Data entries:
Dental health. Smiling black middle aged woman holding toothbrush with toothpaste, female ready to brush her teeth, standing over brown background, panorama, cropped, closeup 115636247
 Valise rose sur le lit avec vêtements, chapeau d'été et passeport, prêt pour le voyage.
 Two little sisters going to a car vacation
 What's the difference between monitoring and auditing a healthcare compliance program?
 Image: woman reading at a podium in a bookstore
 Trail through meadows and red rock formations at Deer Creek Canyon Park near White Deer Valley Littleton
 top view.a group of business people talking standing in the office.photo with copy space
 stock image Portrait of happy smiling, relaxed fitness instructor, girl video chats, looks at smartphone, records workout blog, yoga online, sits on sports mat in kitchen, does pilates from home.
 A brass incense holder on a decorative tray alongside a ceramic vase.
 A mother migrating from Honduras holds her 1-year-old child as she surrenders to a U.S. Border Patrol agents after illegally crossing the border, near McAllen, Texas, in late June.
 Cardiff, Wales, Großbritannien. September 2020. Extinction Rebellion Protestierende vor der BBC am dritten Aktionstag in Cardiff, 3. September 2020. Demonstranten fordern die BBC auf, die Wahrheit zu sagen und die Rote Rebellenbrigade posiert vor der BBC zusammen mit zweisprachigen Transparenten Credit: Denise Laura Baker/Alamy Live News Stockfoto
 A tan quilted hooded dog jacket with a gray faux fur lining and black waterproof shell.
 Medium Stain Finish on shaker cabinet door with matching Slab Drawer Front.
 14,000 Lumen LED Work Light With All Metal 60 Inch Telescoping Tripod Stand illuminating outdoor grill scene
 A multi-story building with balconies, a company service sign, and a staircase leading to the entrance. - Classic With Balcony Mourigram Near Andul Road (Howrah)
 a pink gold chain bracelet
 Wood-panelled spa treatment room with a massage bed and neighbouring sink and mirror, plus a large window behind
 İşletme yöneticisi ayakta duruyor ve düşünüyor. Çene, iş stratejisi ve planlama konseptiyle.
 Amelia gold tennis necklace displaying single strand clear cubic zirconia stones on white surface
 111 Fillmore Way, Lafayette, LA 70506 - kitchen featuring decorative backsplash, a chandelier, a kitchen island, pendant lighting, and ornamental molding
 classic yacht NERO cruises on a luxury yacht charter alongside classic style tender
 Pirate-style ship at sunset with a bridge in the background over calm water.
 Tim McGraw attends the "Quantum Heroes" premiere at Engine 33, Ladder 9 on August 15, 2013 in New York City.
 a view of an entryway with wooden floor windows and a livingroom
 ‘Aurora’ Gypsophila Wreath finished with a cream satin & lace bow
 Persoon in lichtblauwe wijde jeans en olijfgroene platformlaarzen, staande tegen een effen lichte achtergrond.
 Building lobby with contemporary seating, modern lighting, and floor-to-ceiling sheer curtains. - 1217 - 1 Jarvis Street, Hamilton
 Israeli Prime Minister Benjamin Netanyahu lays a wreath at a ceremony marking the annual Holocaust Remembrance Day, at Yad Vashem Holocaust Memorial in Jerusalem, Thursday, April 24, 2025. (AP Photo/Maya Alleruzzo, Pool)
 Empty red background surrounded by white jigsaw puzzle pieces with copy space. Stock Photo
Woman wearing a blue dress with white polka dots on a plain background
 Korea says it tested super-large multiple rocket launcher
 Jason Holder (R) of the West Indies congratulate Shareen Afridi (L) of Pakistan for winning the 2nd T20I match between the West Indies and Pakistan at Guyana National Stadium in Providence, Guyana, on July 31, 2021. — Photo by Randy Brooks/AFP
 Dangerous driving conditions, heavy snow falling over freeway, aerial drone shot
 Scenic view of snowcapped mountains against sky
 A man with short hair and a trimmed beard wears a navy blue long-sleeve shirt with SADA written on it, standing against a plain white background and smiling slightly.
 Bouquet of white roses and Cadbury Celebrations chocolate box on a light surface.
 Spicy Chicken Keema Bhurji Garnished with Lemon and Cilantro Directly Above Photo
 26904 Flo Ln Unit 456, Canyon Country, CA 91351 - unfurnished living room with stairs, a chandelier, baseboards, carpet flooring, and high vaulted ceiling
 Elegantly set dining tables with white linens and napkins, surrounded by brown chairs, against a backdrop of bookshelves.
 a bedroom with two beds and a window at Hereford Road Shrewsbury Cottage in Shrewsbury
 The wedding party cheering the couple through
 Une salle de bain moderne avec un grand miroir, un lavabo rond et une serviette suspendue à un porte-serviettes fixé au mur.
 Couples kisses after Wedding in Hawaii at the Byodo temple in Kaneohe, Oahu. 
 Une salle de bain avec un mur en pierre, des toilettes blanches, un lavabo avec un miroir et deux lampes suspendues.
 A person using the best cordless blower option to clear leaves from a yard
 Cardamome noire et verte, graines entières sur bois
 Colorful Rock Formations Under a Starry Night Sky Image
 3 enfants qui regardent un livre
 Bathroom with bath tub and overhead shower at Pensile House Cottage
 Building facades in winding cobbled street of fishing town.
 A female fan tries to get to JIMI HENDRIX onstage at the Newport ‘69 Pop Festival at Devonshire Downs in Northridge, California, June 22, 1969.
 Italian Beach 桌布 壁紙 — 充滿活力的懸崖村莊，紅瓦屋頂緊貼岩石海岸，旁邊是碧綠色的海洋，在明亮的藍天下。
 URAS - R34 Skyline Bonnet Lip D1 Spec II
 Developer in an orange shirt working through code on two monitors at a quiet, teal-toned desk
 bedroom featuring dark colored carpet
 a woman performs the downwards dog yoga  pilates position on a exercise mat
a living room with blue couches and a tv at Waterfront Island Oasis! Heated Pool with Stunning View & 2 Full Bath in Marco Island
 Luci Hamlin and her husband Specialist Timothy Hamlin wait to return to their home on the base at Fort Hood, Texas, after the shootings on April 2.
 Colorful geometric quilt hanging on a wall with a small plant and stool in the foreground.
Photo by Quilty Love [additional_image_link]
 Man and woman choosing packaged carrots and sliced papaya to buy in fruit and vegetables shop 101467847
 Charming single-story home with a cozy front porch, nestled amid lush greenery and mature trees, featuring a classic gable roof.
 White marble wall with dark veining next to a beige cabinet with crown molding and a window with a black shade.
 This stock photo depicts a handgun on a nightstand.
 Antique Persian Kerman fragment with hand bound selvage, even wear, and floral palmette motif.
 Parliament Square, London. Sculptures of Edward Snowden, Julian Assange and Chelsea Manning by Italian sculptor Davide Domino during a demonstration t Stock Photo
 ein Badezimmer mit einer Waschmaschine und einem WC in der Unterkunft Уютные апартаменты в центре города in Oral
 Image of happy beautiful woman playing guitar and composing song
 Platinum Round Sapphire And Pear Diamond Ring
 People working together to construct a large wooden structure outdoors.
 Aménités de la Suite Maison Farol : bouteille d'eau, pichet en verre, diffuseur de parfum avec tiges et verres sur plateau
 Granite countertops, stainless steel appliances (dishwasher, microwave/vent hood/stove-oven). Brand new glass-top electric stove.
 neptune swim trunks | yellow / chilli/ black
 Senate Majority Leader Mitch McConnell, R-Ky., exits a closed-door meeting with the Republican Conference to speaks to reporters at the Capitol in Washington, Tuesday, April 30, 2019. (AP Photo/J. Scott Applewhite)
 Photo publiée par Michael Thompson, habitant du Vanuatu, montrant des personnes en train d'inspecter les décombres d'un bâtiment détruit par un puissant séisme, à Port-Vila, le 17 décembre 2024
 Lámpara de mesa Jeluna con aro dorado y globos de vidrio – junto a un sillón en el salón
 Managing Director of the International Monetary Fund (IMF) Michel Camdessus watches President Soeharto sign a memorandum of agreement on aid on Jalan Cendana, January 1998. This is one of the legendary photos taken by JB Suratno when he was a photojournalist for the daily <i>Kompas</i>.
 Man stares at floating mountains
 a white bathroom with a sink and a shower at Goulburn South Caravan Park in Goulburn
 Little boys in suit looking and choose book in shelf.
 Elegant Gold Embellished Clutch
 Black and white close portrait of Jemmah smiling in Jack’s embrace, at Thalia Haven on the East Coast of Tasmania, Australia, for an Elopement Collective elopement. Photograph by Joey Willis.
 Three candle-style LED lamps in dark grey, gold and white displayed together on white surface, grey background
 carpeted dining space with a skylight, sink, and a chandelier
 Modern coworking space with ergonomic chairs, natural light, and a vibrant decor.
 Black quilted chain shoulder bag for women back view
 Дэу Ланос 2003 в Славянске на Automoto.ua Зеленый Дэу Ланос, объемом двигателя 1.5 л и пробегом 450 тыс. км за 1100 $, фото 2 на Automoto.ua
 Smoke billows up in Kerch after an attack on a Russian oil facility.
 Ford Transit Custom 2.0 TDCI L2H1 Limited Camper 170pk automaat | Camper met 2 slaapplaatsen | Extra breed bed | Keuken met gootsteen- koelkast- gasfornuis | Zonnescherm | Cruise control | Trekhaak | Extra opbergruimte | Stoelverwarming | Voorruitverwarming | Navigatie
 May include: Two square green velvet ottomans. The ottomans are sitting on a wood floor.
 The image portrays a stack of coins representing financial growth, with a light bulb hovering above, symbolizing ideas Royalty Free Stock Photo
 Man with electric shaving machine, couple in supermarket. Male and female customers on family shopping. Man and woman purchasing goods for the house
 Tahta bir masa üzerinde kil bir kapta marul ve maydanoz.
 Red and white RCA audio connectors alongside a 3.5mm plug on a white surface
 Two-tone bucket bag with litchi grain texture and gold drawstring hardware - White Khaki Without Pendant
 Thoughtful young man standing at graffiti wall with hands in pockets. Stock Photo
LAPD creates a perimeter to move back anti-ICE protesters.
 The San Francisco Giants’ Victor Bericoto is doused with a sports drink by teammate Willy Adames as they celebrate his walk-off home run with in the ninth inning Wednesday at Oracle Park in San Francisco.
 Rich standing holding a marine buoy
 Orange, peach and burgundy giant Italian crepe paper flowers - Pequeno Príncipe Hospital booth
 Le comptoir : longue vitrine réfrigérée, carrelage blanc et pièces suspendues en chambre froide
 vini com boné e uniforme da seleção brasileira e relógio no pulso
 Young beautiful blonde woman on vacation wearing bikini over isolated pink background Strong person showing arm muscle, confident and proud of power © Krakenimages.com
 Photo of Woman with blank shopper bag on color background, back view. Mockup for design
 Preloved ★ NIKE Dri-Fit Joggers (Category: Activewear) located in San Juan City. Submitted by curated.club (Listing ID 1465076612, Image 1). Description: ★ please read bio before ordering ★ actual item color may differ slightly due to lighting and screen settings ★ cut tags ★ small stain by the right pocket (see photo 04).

■ EXERCISE GOAL
Quote exactly the first line of the entries and every line after it, stopping with the line that contains "Two little sisters going to a car vacation".

■ OUTPUT
Dental health. Smiling black middle aged woman holding toothbrush with toothpaste, female ready to brush her teeth, standing over brown background, panorama, cropped, closeup 115636247
 Valise rose sur le lit avec vêtements, chapeau d'été et passeport, prêt pour le voyage.
 Two little sisters going to a car vacation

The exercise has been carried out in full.